• _What the task asks_
Would you please write out the records below exactly as they appear?
START Stored data
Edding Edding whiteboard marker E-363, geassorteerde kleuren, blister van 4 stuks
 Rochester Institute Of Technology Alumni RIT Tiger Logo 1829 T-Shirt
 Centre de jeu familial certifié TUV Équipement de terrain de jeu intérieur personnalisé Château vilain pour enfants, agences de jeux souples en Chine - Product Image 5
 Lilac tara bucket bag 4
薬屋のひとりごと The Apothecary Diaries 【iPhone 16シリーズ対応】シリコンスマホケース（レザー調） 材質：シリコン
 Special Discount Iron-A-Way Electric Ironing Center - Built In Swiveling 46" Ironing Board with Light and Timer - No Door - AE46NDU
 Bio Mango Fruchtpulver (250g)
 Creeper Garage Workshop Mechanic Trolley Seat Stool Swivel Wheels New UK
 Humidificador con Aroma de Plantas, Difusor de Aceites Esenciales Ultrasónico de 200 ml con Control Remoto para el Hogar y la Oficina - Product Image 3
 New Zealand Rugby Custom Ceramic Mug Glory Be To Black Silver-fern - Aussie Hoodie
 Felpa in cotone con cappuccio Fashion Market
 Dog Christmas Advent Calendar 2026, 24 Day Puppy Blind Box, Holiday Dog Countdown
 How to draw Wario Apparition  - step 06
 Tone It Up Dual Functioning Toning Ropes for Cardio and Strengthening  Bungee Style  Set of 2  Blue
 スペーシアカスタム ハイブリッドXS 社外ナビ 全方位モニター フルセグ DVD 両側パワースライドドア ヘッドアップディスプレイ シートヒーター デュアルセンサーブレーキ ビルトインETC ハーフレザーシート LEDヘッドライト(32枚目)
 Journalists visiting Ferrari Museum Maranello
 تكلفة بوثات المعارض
END Stored data
• _Written solution_
Edding Edding whiteboard marker E-363, geassorteerde kleuren, blister van 4 stuks
 Rochester Institute Of Technology Alumni RIT Tiger Logo 1829 T-Shirt
 Centre de jeu familial certifié TUV Équipement de terrain de jeu intérieur personnalisé Château vilain pour enfants, agences de jeux souples en Chine - Product Image 5
 Lilac tara bucket bag 4
薬屋のひとりごと The Apothecary Diaries 【iPhone 16シリーズ対応】シリコンスマホケース（レザー調） 材質：シリコン
 Special Discount Iron-A-Way Electric Ironing Center - Built In Swiveling 46" Ironing Board with Light and Timer - No Door - AE46NDU
 Bio Mango Fruchtpulver (250g)
 Creeper Garage Workshop Mechanic Trolley Seat Stool Swivel Wheels New UK
 Humidificador con Aroma de Plantas, Difusor de Aceites Esenciales Ultrasónico de 200 ml con Control Remoto para el Hogar y la Oficina - Product Image 3
 New Zealand Rugby Custom Ceramic Mug Glory Be To Black Silver-fern - Aussie Hoodie
 Felpa in cotone con cappuccio Fashion Market
 Dog Christmas Advent Calendar 2026, 24 Day Puppy Blind Box, Holiday Dog Countdown
 How to draw Wario Apparition  - step 06
 Tone It Up Dual Functioning Toning Ropes for Cardio and Strengthening  Bungee Style  Set of 2  Blue
 スペーシアカスタム ハイブリッドXS 社外ナビ 全方位モニター フルセグ DVD 両側パワースライドドア ヘッドアップディスプレイ シートヒーター デュアルセンサーブレーキ ビルトインETC ハーフレザーシート LEDヘッドライト(32枚目)
 Journalists visiting Ferrari Museum Maranello
 تكلفة بوثات المعارض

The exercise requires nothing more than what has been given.